Skycatcher was crap canned as soon as they couldn’t find a fleet buyer for it. Literally crap canned, they tossed the remaining ones in a dumpster.
As far as the lawsuit goes, file bankruptcy, start new business name DBA New and Improved Cessna, and continue on, just like all slimy American companies do these days. Works for everyone else.
Cessna is making a LOT more than $50K profit on the 182s they’re selling to CAP.
They are a fleet sales company now. That’s just what they want to be. That’s fine, but they’re not selling much to individuals. Cirrus has that bottled up for the most part.

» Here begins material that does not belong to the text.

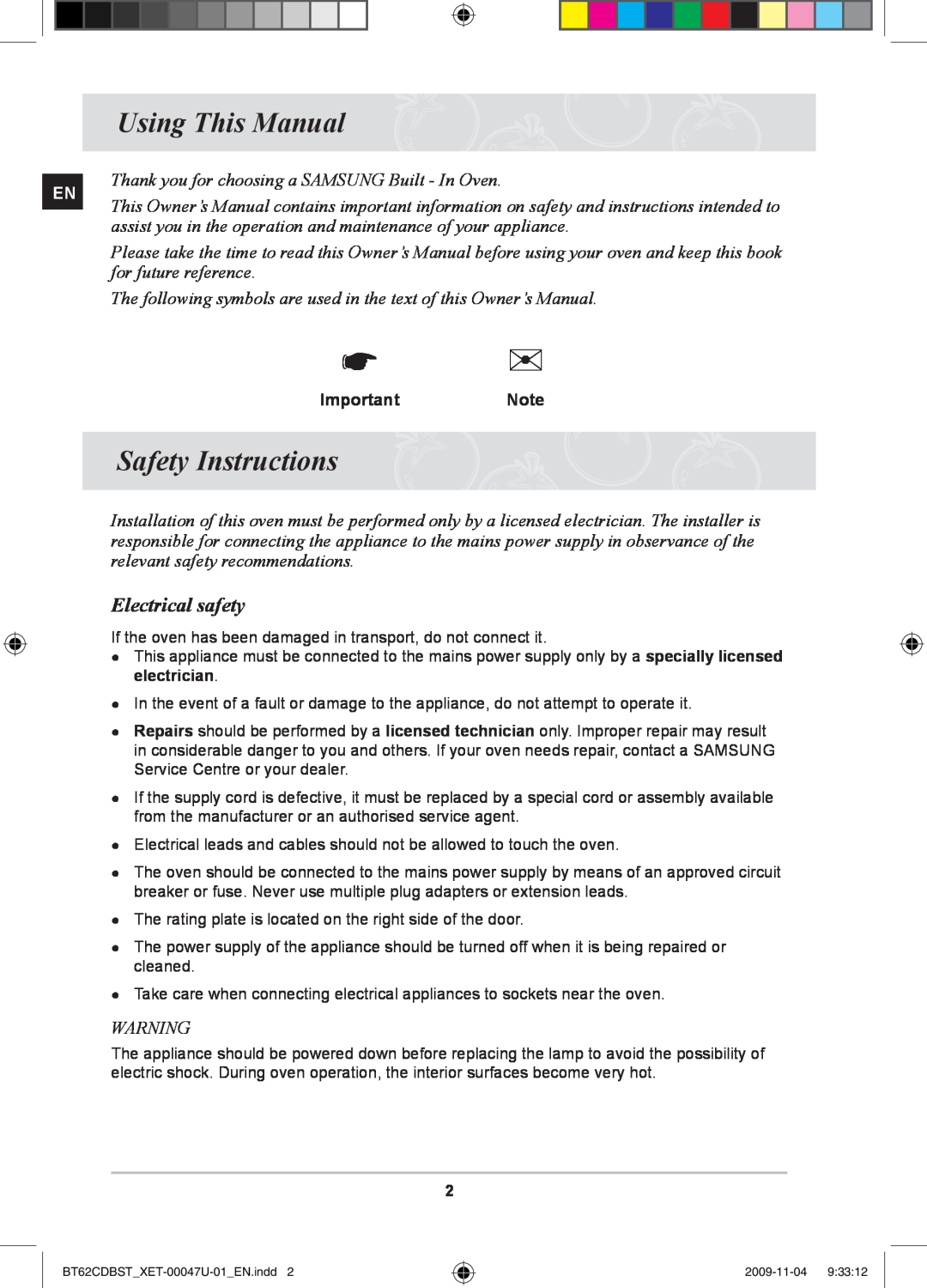Samsung BT62CDBST/XET manual Using This Manual, Safety Instructions, Electrical safety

Altruism in business is overrated.
If fleet sales are where the money is to be made then it should be no surprise fleet sales is where Cessna and Piper are selling.

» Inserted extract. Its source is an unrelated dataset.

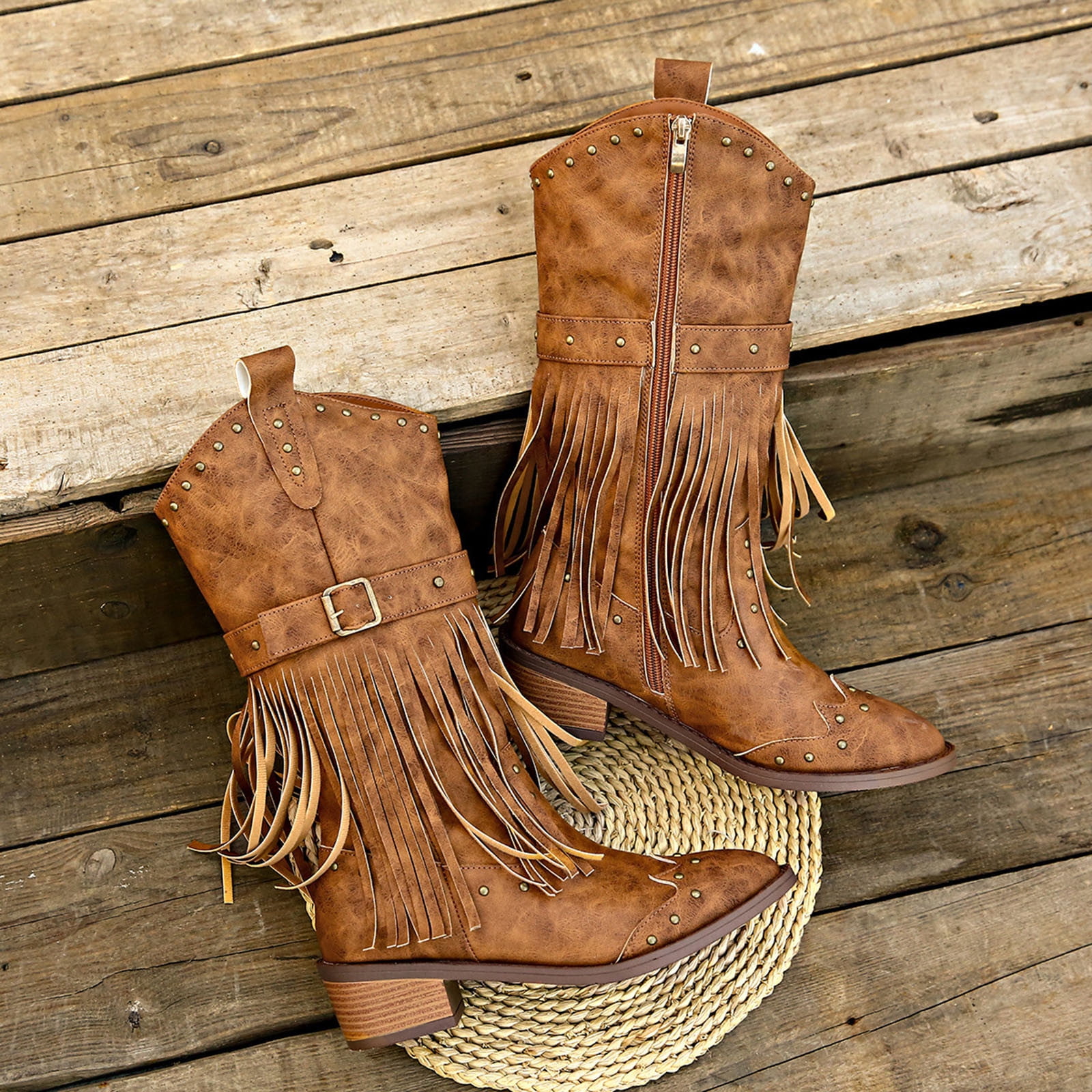 OKBOP Christmas Boots for Women Winter Chunky Heel Fringe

Cirrus (and Mooney, ICON and few others) sell playthings to rich kids. That's a seriously limited market. Selling to individuals is so limited that, with its current product line, Cirrus is a slow growth cottage industry company, at best. It better hope the next recession doesn't cut its sales in half again, like the last one did.

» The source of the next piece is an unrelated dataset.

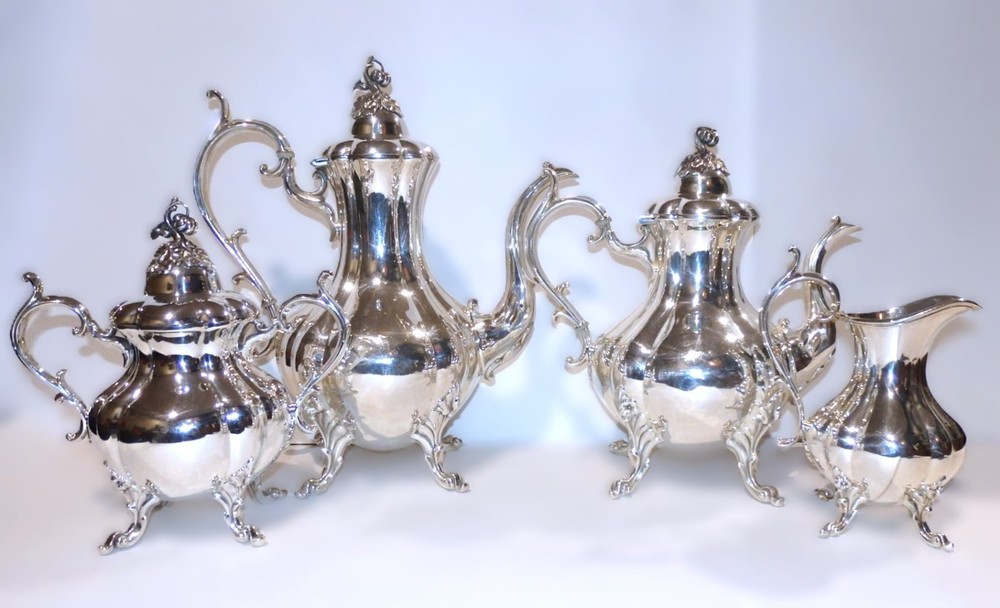 Reed & Barton SilverPlated WINTHROP PUMPKIN COFFEE TEA SET #1795 w Flaws--- READ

Why should Textron have any interest in that market? The arguments on this thread about what it
really costs Textron to build, market and support an airplane are amusing. It's ironic that at the same time there are posts advocating that Cessna boost sales by cutting prices, the maker of the most expensive new single piston aircraft is lauded as such a success story. Even if it cut the price of a 182 in half it won't move the needle on individual sales.
Seriously, how many more people on this Board would decide to shell out for a new 182 in the next year if Cessna did a half-price sale?
I took my first ever drive across Kansas last year, on my way from Cheyenne to Tulsa. It was real eye opener, and not just because of the lush crops of wind turbines. Unlike where I live, every little hamlet has an airport with well marked access from the highway. That trip is when it really struck me as to why places like Wichita and Tulsa have such a light plane legacy, developed at a time when the manufacturing heartland was in New England and the Great Lakes region. From the '20s through to the early '60s travelling between the communities all over the Plains must have been a *****. Vast distances, lousy dirt roads, not so reliable cars. Little airplanes flying off grass must have been a very attractive alternative.
But the world has changed, and we aren't going back. Interstate highways, low cost commuter airlines, declining rural populations as agriculture employs a tiny fraction and all the kids moved to the cities.
Outside of flight training, who buys a single engine piston airplane these days to undertake any sort of commerce? Are rural doctors using their SR-22s to make house calls (and occasionally to kill themselves) the way they used their Bonanzas in the '50s? Somehow I doubt it. I use my twin to do some business related travel to out of the way locations to save time, but now that the price of oil & avgas is climbing again even I am doing less of that, and using the regionals (which I despise) more. Its purely practical economics.
What's the main driver for individuals to own airplanes? Mostly recreational and personal convenience I would venture. And those purposes are purely discretionary spending. So we spend what we can afford, for as long as we think we can afford it. And for a great many of us even a $150,000 new airplane is out of reach financially.